La pression, venue des bancs des partis d’opposition, de l’intérieur du gouvernement avec le MR, mais aussi des réseaux sociaux, est devenue trop forte. Ihsane Haouach, désignée commissaire du gouvernement à l’égalité hommes/femmes par Sarah Schlitz (Ecolo) a annoncé sa démission ce vendredi soir dans un courrier adressé à la secrétaire d’État.
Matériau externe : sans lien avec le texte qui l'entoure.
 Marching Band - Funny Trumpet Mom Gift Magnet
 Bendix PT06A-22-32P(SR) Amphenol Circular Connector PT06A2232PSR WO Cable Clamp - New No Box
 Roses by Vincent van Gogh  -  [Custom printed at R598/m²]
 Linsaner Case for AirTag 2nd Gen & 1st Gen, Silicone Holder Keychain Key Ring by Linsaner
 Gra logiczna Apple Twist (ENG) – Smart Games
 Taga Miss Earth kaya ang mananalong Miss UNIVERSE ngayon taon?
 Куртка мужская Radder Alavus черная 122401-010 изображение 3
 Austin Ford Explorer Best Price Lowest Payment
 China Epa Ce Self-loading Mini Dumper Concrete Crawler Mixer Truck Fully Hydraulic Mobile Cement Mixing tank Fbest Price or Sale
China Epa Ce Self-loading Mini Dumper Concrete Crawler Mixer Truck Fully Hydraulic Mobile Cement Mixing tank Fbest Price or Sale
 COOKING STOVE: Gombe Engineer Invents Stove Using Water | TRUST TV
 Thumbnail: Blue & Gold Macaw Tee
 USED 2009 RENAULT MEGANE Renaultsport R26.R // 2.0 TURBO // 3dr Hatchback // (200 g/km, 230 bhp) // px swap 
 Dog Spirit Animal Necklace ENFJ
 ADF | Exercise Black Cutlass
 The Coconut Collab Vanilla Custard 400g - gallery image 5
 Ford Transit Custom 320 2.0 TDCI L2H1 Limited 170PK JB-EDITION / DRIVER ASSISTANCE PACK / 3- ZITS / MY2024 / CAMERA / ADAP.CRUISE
"Je fais l’objet de violentes attaques personnelles qui n’ont été qu’en s’amplifiant, écrit-elle. Indépendamment de ma nomination, le débat sur la neutralité est légitime, mais il ne peut se faire dans une volonté de nuire. Aucun débat constructif ne peut émerger de pareils actes. Ce contexte de défiance et de violence à mon égard rend impossible l’exercice de ma fonction de manière efficiente."

La Bruxelloise se dit "trop attachée au rôle essentiel de l’IEFH (l’Institut pour l’égalité hommes/femmes) pour accepter que son action soit affaiblie par des mises en cause et des attaques personnelles incessantes ". "D ès lors, j’ai décidé de présenter ma démission pour me préserver du cyberharcèlement que je subis, préserver mes proches ainsi que l’institution et le combat qu’elle porte", conclut-elle, précisant que "cette démission ne signe pas la fin de (son) engagement pour l’égalité et les droits fondamentaux" qu’elle continuera "à défendre sous d’autres formes".

La veille, Alexander De Croo lui avait adressé une carte jaune en forme de dernier avertissement, après son interview polémique dans Le Soir du 3 juillet. "La discussion n’est pas : est-ce qu’on remet en cause la séparation de l’Église et de l’État ? C’est : comment la décline-t-on avec un changement démographique", avait-elle affirmé. La Bruxelloise avait tenté un premier geste d’apaisement mercredi soir, en clarifiant ses propos sur Facebook, sans toutefois parvenir à calmer ses détracteurs. Jeudi soir, Sarah Schlitz avait assuré qu’Ihsane Haouach ne pourrait plus s’exprimer publiquement, jugeant la "citation de Mme Haouach maladroite ", mais précisant que, pour elle, les choses ont été tirées au clair. " J’ai pris acte de la décision de Madame Haouach que je regrette , a indiqué Sarah Schlitz. Elle a été désignée pour cette mission parce qu’elle dispose des qualités requises, notamment en matière de gestion. Je comprends qu’elle aspire à pouvoir continuer sereinement son parcours professionnel et à faire cesser l’acharnement qu’elle subit depuis de nombreuses semaines. Je respecte bien entendu son choix et je lui souhaite de s’épanouir dans la suite de son parcours ."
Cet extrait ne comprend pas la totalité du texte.